Despite the lack of examples in corpora, mouth-filled speech is really rather common. I suspect most people do it, from time to time, in informal eating situations, when they feel the urgent need to make a point. And eating is only one of the relevant situations. Other examples, in addition to speaking while brushing the teeth, are

- speaking while holding a writing implement in the mouth (while the hands are otherwise engaged), as I've often seen in business meetings
- speaking (or trying to) when the dentist, just having filled your mouth with implements, asks you if you had a nice holiday
- and relatedly, speaking after having had your gums filled with anaesthetic
- speaking with pins in the mouth, while sewing
- speaking with a pipe or cigarette in the mouth
- speaking with a hand or finger in the mouth, sucking it better after a hurt
- speaking with ill-fitting false teeth
- little (and sometimes not-so-little) children, sometimes try to speak while keeping a dummy (pacifier) in the mouth
- speaking with a decorative item in the mouth, such as a pierced tongue
- for boxers, speaking with a gum-shield
- in old-style elocution, speaking with a pebble in the mouth to improve one's pronunciation - a technique supposedly used by Demosthenes to overcome a stammer
- more dramatically, movies regularly show us someone trying to speak with a gag in the mouth
- or talking while someone else is in their mouth, as with a passionate kissing scene.

These situations are common enough to have made me role-play mouth-filled speech in listening comprehension exercises, when I used to do some EFL teaching in summer schools. Solo, I hasten to add, in view of the last example.

Linguists are well aware of the importance of avoiding situations where something interferes with natural speech production. Field linguists watch out for any physical limitations in their informants - it would be unwise, for example, to rely greatly on the phonology produced by an aged speaker who had lost all his teeth. And some of the semiotic transcriptions of body behaviour from the 1960s include symbols for such effects as 'speaking through clenched teeth', 'speaking while licking one's lips', and 'speaking with mouth pursed'. However, these are just general markers. I don't know of any phonetic descriptions at the level of the segment.

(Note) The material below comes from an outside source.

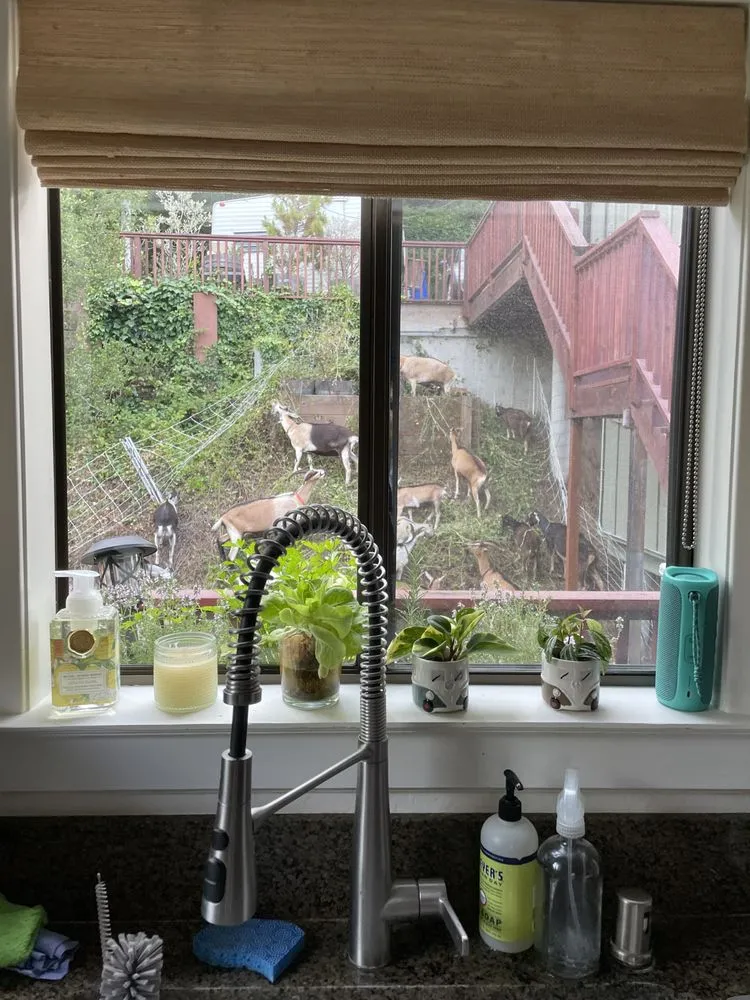 Local lawn care service in Aptos, CA - Lost Emu Farms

Do authors do it? I haven't come across any. They seem to leave the effect to the reader's imagination. Here's J. M. Barrie in A Widow in Thrums (Chapter 3):

' "Ye daur to speak aboot openin' the door, an' you sic a mess!" cried Jess, with pins in her mouth.'

The character has that accent throughout; no special effort is made to represent the effect of the pin-holding. Here's George Eliot, in Scenes of Clerical Life (Chapter 1):

' "So," said Mr. Pilgrim, with his mouth only half empty of muffin, "you had a row in Shepperton Church last Sunday." '

That sentence would certainly have sounded differently. And even Charles Dickens, so good at depicting the idiosyncrasies in an individual's speech, leaves this effect to the reader, as in Nicholas Nickleby (Chapter 5):

' "This is the way we inculcate strength of mind, Mr Nickleby," said the schoolmaster, turning to Nicholas, and speaking with his mouth very full of beef and toast.'

A rare example of an author trying to represent the segmental phonetics of mouth-filled speech is Anna Pickard in The Guardian (27 April 2006) which begins:

' "Fankky, i's ow-wajus. I fine i' affo-uuti owajus. Va figiss ... hangom, suwee, nee to swa-oh." Frankly, it's outrageous...'

And she goes on:

'And what, I ask, is so wrong with talking with your mouth full? In an age where multitasking is a marketable skill, surely the ability to eat and keep up your end of the conversation at the same time should be positively commended. '

She specifies three benefits:

'Time management
There simply isn't time in the day to set aside a separate amount for eating and for talking. By combining the two activities, an incredible amount of time can be saved. Also, none of your companions will ever need to ask what you had for lunch again. They will know, because they can see.

Portion control 
The process of eating while talking can do wonders for the figure. Anatomically speaking, the act of sucking in air for the talking while holding food in the oratory position should, in theory, bring more air into the food, thus inflating it, and making you feel more full (if slightly gassy). While this hasn't been scientifically proven as far as I know, speaking as a university graduate, it certainly sounds like a convincing theory. My degree is in dramaturgy.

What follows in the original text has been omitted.